After hanging out on the American side for an hour or so we thought we'd take the pedestrian bridge across the river into Canada. We were pretty excited about this because none of us had been into Canada before. After getting buzzed through the gate we headed across the very long bridge to Canada. Here's our journey:
Once we arrived in Canada we entered the door to go through Customs. It was empty so we walked right up to the desk. After exchanging pleasantries and before we started handing over ID's I asked if there were any breed bans. He replied yes and then it was clear to us that we weren't allowed to go in. I want to make it very clear that this guy was only doing his job and he was an extremely nice guy. He said that he would let him in if he could, and even offered his own water to give to Villere. I'd also like to point out that if we had planned this trip, we would have done research as to if he was allowed to enter or not. So there we were, standing at this invisible line that Villere was not allowed to cross. If he crossed it, according to the law, he could be confiscated from us. It's really hard to put into words what it feels like to be told that he can't go in just because of the way that he looks. (Once again there is no blame being pointed at the gentleman that wouldn't allow us in, he was just doing his job.) Villere is one of our kids, and just because he looks different, we can't bring him to certain places.

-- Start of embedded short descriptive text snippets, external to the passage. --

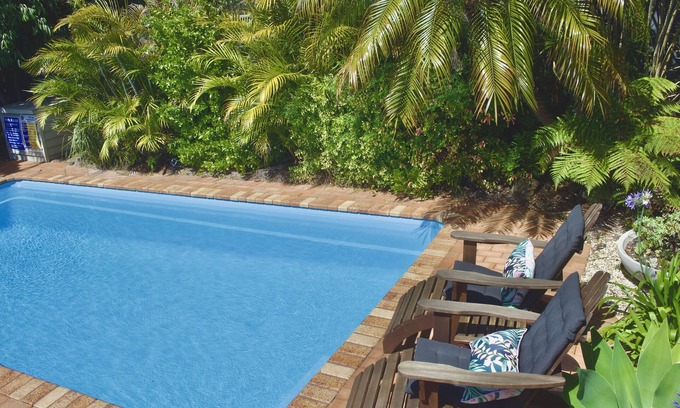 Umina Beach House | Modern Cottage with Heated Pool - Walk to Beach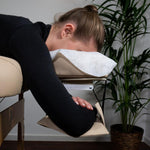 Massageliegen Armschlaufe an der Kopfstütze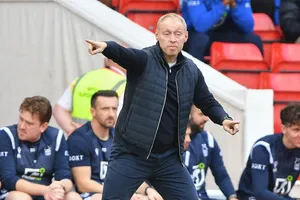 HLV Steve Cooper chuẩn bị chào đón tân binh thứ 6. Ảnh: Getty Images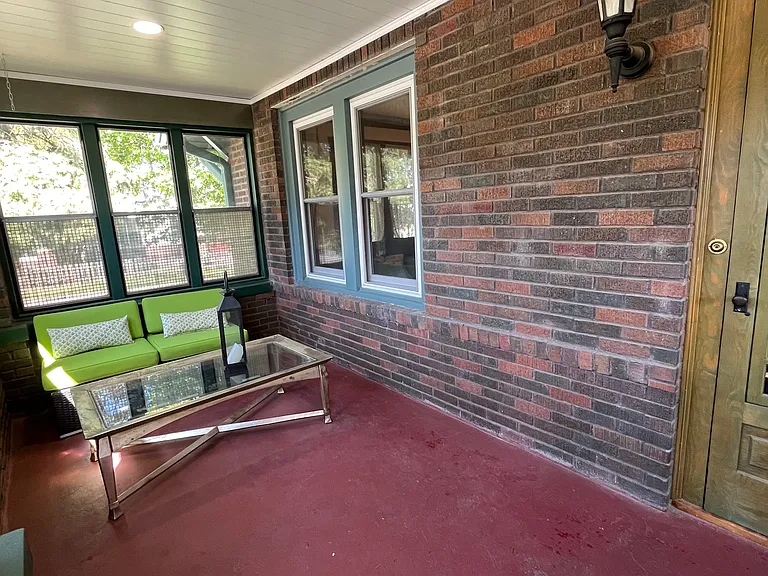 1124 Arbor St — Photo 4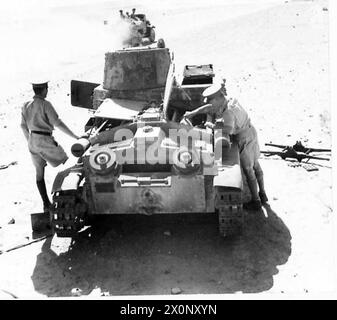 DEUTSCHE AUSRÜSTUNG VON UNSEREN PANZEREINHEITEN IN DER NÄHE VON SOLLUM - Ein fotografisches negativ des deutschen leichten Panzers, britische Armee Stockfoto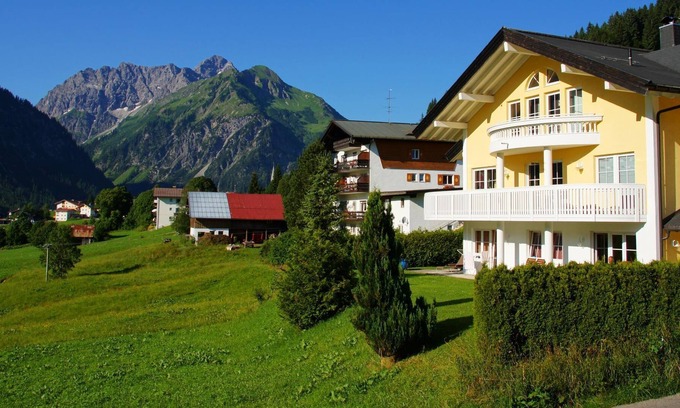 Mittelberg Apartment | Villa Vanessa - Family Klauser - Apartment / 2 bedrooms / shower, WC / garden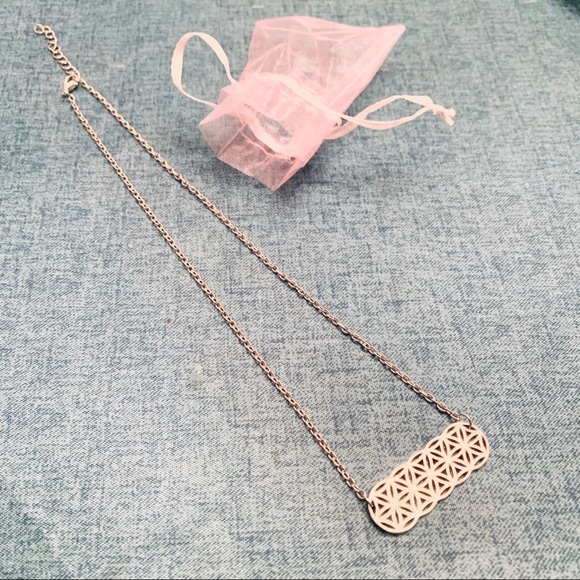 Sacred Geometry Flower of Life Bar Necklace new - Picture 5 of 5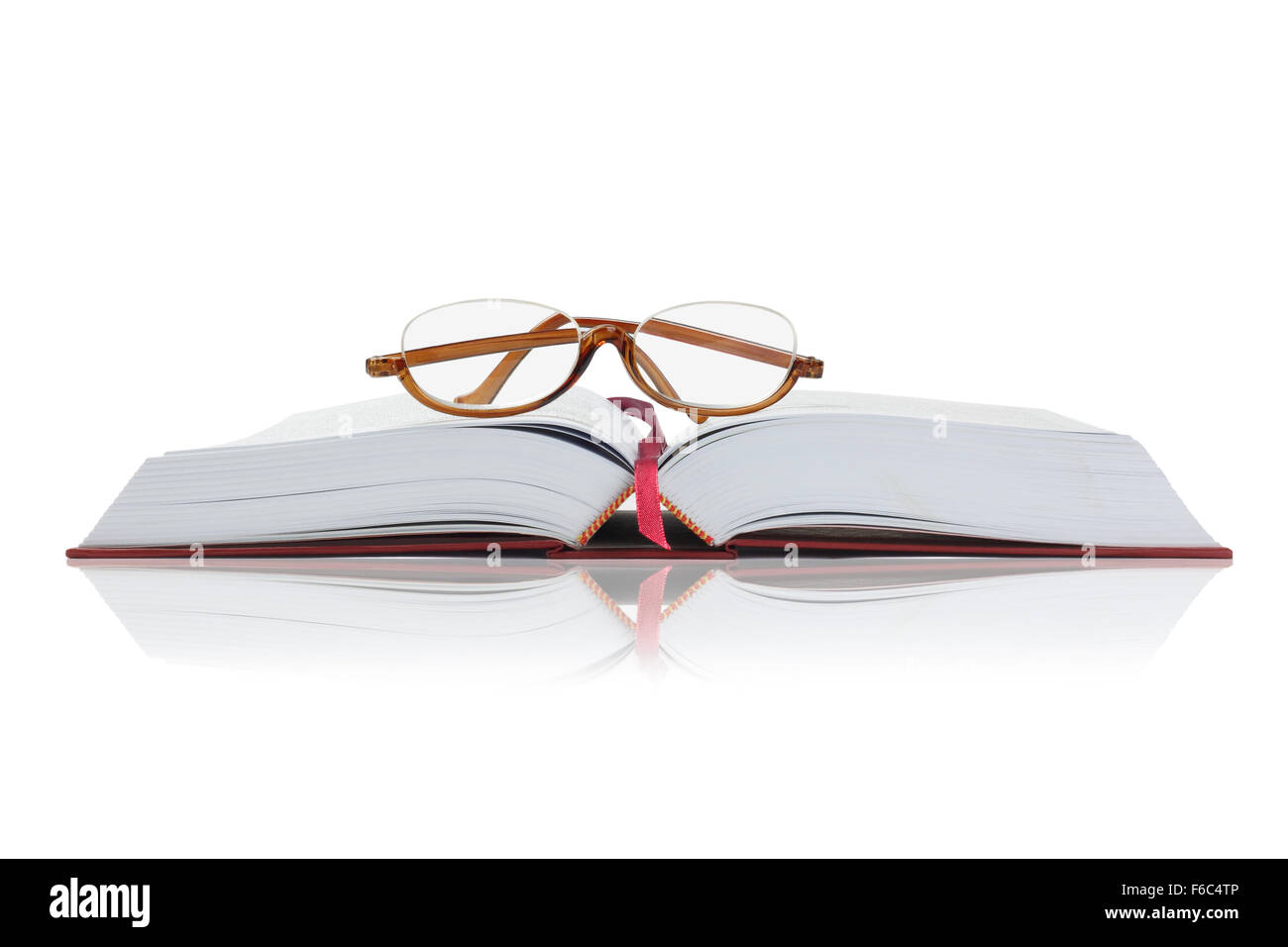 Gafas de lectura en abierto un libro de tapa dura con espacio de copia Foto de stock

So there must be a reason for this law, right? BSL must make communities safer so these "vicious" dogs of certain breeds won't go around biting people non stop, right? Well, what if I told you that there is no, and will never be any actual evidence out there that makes this make sense? More people die from mop bucket accidents each year than dogs of any kind. Take a look at these graphics for some statistics:
To continue the story, Villere was pooped from his excited trip across the bridge and was in need of some water. We watered the dogs prior to going across the bridge, and planned on getting more once we arrived. After finding out that Villere wasn't allowed in, we brought him back outside so he could lie down. After a moment I headed back in with V so I could cross the border to get Vill some water. Approaching the desk the gentleman asked for my ID which I gave him. He then responds, "this isn't proper identification to get into Canada".... After a very brief conversation of me explaining that I needed to get Vill some water, he allowed me to cross the border anyway. So V and I went to the store that was very close and headed inside to get some water. Inside, all the workers were beyond friendly to V. I explained to them what had happened and why I was there and they were upset/embarrassed. 4 of the employees helped pet and water V, and then one was kind enough to help carry some of the stuff as far as she could. She even put the quarters in the machine for me which allowed V and I to get through the gate so we could get to Kelly and Villere. The people were so nice, and not the problem. The problem is outdated laws that don't actually make any sense according to the statistics. After watering Vill, we took the long journey across the bridge back to America where Vill is allowed.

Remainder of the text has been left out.